Kigoma is tucked in the northern corner of vast empty Western Tanzania. I got here yesterday. This small town is the northern port on Great African Lake Tanganyika for the regal British ferry M.V. Liemba. Tomorrow I will ferry three hundred miles to Zambia at the southern tip of the Lake.
At Port Office the Tanzanian official in tailored khaki speaks perfect British English. “Unfortunately, Madame, the ferry is unexpectedly dry docked for repair in Zambia.”
Broad smile. “When does it return to Kigoma?”
He looks sad. “No one knows.” Taps ballpoint on highly varnished desk. “There is one other way to go south on the Lake.”
He escorts me down the shore to a fly-filled stretch deep in mud. Swaying hollow wooden skiffs have no lights or cover. Barefoot locals spatter through mud shouting Swahili.
The Official explains. “They buy and sell tickets for the night journey. They overload on these skiffs. Go south every night, stop at each village.”
The thought of being stacked onto a hard-boiled skiff sliding through midnight black bottomless water gives me the willies.
Half-way back to Port Office is an empty pebble beach. I thank the gracious Official for his time and stay on the beach. A swimsuit is under my kanga today.
I swim into the green shimmer of Tanganyika—longest lake in the world—second deepest—estimated nine to twelve million years old. Water soft and light as spider silk.
Drying on flat stones, I think on how to get south to Zambia.
No planes fly south—not that I would take a plane. I relish seeing magical surprises of unknown land and people—hard to do from the air. A second reason is the laughing young ginger-haired English lady I met yesterday. We had tea. She held aloft a ten-inch Bowie knife. “I have passed through four airport security areas with this knife,” she told me.
Trains don’t travel south through remote Western Tanzania.
Buses probably do—they go everywhere in Africa.

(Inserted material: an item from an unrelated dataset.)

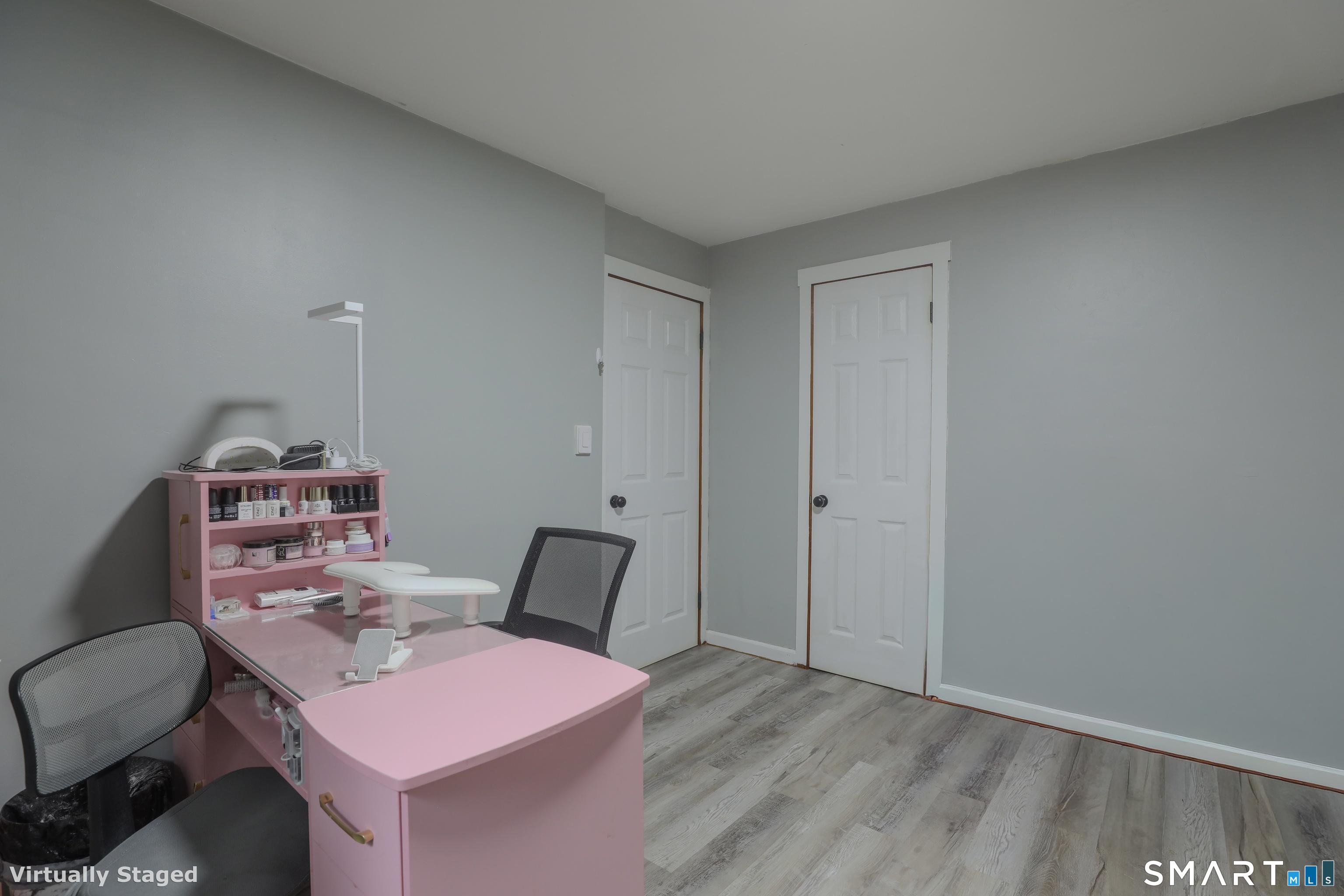 501 Paddock Avenue photo 14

I roll on my back, prop on elbows. Breathe in Tanganyika. It’s late afternoon. My mind luxuriously rolls back nine to twelve million years. Ancient sunshine runs warm yellow sheets across the Lake. It smells like butter.
At my hotel—cheap white box on a treeless hill—I ask about the bus. The bus goes tomorrow for sure. No one knows exactly what time it leaves. Everyone agrees it will be ‘morning’.
Early morning. I scurry in what the hotel tells me is the direction to the bus. On silent British paved streets, I pass square brick buildings, clipped green lawns, carefully pruned bushes. Paved streets narrow, turn to dirt. Square brick replaced by wooden shacks.
A few men loll on a shabby porch. I approach. Polite, enunciated English. “Bus? South?”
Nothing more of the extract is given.